In hindsight, these pages probably should have been put on a different domain name, and probably a single domain name for all users in all projects. That's probably a long way off if it ever gets implemented at all (with SUL now mostly? complete it's a possibility), but one thing that can be done today is that nofollow can be applied to links to these pages. Then at least the search engines will give them a lower rank. Maybe I should submit a couple bug reports. _______________________________________________
My initial concerns when I started this thread related primarily to project-space pages, not userspace, and I would propose that the former be addressed first to avoid the typical situation where the discussion meanders in various directions and therefore comparatively little actually gets done. There is absolutely no reason that after several months of discussion DRV, AN/ANI/AN3, SSP, RfCU, WQA, and the former PAIN and CSN archives are, to the best of my knowledge, still searchable.
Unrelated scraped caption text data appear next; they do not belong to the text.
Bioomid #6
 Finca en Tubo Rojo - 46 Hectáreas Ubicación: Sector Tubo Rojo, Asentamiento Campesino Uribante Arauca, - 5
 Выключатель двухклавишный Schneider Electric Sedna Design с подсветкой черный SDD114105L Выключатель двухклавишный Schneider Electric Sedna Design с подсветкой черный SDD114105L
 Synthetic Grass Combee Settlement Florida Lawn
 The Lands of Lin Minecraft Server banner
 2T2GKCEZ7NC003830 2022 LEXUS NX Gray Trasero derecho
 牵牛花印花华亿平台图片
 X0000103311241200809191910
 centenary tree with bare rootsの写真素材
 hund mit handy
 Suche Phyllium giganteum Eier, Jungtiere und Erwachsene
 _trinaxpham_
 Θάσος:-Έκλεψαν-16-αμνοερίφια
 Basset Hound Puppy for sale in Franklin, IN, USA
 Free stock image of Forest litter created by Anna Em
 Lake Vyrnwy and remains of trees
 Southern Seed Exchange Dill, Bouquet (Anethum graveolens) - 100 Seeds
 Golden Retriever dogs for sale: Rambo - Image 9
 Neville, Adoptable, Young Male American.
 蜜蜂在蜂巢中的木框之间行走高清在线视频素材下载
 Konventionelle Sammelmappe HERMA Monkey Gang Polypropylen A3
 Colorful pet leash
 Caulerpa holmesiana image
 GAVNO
My own view with respect to userspace is that the individual user should probably have the ability to decide whether he or she wants his or her pages indexed, subject to override where necessary (e.g., an indefblocked user's page should not be indexed). I don't have a strong view on whether userpages should be presumptively indexed with the user having the ability to opt out, or presumptively no-indexed with the user having the ability to opt in.
Newyorkbrad